§ Exercise instructions: Retype, exactly as they appear below, the lines between the line holding "Paulina, Babysitter in Greater London" and the line holding "802 8677 Capstan Way, Richmond, BC", both ends included.
=== Data extract ===
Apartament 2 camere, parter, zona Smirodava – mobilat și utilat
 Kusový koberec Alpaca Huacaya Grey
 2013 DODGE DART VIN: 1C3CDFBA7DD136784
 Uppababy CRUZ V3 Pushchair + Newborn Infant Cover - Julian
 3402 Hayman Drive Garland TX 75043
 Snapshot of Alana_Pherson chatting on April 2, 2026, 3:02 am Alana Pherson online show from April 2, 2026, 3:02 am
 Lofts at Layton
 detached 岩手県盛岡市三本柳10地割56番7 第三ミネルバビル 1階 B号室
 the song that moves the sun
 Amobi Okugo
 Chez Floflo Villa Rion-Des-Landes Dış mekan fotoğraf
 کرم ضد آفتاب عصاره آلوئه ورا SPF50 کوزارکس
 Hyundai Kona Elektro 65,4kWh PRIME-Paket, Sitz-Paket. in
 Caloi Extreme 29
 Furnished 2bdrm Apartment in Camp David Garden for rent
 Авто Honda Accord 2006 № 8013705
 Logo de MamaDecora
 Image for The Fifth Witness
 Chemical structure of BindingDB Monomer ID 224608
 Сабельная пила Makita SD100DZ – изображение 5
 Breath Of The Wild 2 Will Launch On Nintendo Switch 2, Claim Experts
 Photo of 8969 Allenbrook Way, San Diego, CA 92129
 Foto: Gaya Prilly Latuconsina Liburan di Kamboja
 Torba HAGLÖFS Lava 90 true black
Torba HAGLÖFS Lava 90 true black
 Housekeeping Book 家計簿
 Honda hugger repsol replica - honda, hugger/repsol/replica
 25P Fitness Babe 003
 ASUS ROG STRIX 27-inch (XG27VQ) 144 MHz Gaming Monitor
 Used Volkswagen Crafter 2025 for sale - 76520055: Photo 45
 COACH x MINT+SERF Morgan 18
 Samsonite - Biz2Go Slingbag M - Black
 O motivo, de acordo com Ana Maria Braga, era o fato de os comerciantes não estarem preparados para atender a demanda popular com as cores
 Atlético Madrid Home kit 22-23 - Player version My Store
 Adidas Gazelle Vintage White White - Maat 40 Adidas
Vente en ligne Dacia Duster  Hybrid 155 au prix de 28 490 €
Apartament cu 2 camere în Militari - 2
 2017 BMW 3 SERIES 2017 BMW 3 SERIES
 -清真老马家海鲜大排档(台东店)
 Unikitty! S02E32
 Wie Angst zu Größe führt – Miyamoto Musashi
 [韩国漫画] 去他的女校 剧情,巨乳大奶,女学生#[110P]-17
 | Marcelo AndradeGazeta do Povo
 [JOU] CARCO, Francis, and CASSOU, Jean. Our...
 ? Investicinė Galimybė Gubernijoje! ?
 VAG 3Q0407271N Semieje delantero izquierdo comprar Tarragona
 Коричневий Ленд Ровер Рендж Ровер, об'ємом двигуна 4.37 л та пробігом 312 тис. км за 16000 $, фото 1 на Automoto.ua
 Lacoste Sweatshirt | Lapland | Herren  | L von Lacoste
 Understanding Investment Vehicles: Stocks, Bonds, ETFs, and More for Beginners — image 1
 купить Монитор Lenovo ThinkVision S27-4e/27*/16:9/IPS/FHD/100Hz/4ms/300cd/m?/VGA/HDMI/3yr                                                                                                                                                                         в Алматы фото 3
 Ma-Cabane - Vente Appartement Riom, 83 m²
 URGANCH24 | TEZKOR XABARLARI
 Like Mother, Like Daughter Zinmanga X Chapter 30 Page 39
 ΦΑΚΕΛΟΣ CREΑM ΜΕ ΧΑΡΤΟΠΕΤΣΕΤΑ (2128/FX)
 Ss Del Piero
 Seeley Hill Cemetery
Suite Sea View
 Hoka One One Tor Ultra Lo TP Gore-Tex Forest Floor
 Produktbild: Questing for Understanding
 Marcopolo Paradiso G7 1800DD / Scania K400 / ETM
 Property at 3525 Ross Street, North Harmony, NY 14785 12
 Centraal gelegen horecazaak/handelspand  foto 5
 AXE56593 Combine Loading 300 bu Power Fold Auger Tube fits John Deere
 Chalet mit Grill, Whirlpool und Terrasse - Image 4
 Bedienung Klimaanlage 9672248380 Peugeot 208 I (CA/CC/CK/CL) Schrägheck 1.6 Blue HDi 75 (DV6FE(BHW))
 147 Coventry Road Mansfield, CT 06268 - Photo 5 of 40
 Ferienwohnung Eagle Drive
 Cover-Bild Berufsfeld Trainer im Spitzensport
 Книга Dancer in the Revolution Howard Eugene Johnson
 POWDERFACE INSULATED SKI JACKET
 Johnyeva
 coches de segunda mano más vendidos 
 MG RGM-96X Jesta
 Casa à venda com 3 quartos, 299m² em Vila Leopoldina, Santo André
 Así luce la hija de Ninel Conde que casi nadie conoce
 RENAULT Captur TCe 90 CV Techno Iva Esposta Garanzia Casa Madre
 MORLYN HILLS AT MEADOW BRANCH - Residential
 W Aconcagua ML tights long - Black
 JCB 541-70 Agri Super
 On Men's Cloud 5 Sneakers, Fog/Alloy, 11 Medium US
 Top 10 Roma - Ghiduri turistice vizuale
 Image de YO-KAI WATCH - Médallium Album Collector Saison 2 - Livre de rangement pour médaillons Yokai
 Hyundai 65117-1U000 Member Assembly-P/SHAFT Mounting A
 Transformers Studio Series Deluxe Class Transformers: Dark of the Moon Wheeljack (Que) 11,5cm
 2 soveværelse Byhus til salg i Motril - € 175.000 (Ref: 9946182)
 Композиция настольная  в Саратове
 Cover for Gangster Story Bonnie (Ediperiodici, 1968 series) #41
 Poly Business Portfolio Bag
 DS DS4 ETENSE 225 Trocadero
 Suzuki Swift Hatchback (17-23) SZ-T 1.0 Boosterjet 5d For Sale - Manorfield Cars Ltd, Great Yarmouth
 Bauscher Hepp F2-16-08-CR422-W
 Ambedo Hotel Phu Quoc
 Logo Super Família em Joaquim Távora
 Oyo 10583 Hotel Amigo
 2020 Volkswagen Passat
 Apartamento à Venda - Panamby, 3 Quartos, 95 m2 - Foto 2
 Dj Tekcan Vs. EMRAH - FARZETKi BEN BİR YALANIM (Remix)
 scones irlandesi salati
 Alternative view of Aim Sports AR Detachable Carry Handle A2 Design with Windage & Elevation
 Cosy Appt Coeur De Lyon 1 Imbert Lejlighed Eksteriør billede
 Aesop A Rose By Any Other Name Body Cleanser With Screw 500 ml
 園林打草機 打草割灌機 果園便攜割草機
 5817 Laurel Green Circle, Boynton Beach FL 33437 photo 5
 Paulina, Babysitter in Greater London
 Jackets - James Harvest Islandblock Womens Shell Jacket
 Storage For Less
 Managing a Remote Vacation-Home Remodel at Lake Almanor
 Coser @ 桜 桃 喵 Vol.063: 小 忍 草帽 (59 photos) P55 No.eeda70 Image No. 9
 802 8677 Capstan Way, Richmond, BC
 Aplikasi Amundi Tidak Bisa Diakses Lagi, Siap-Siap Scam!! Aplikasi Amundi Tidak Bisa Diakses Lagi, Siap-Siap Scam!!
===
§ Solution for this exercise:
 Paulina, Babysitter in Greater London
 Jackets - James Harvest Islandblock Womens Shell Jacket
 Storage For Less
 Managing a Remote Vacation-Home Remodel at Lake Almanor
 Coser @ 桜 桃 喵 Vol.063: 小 忍 草帽 (59 photos) P55 No.eeda70 Image No. 9
 802 8677 Capstan Way, Richmond, BC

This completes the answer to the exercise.